ABOUT THIS EXERCISE
Restate the listing word for word; omit the images.

SUPPLIED DATA
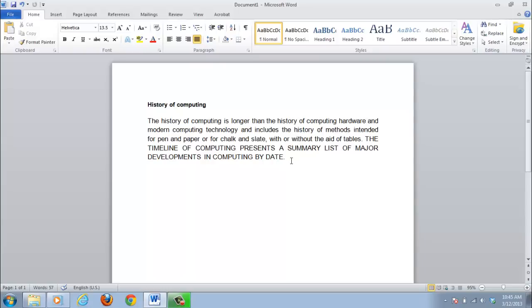Word makes it very easy to change the case of a word or sentence. This tutorial will show you how to change caps to lowercase in Word, as well as some other important capitalization features.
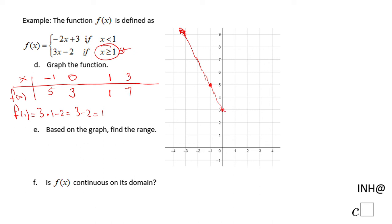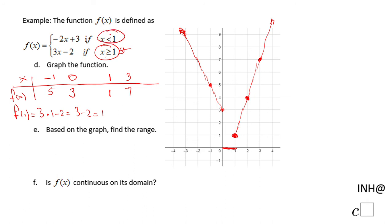Now for the right side, we plot (1, 1) — using x = 1 in the second piece: 3(1) - 2 = 1 — with a filled dot since x ≥ 1 is included. We also check the boundary using the first piece: -2(1) + 3 = 1 as well, so the two branches meet at (1, 1) and there is no gap.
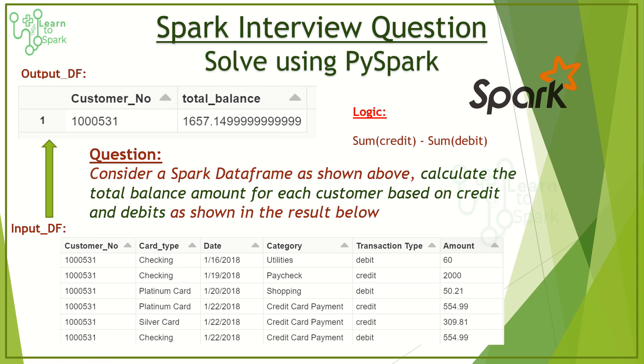We will see how we can achieve this. We will see what are all the ways that is available to achieve this result using PySpark. That being said, let us move on to our today's demo.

SOLUTION BELOW
Word makes it very easy to change the case of a word or sentence. This tutorial will show you how to change caps to lowercase in Word, as well as some other important capitalization features.
Now for the right side, we plot (1, 1) — using x = 1 in the second piece: 3(1) - 2 = 1 — with a filled dot since x ≥ 1 is included. We also check the boundary using the first piece: -2(1) + 3 = 1 as well, so the two branches meet at (1, 1) and there is no gap.
We will see how we can achieve this. We will see what are all the ways that is available to achieve this result using PySpark. That being said, let us move on to our today's demo.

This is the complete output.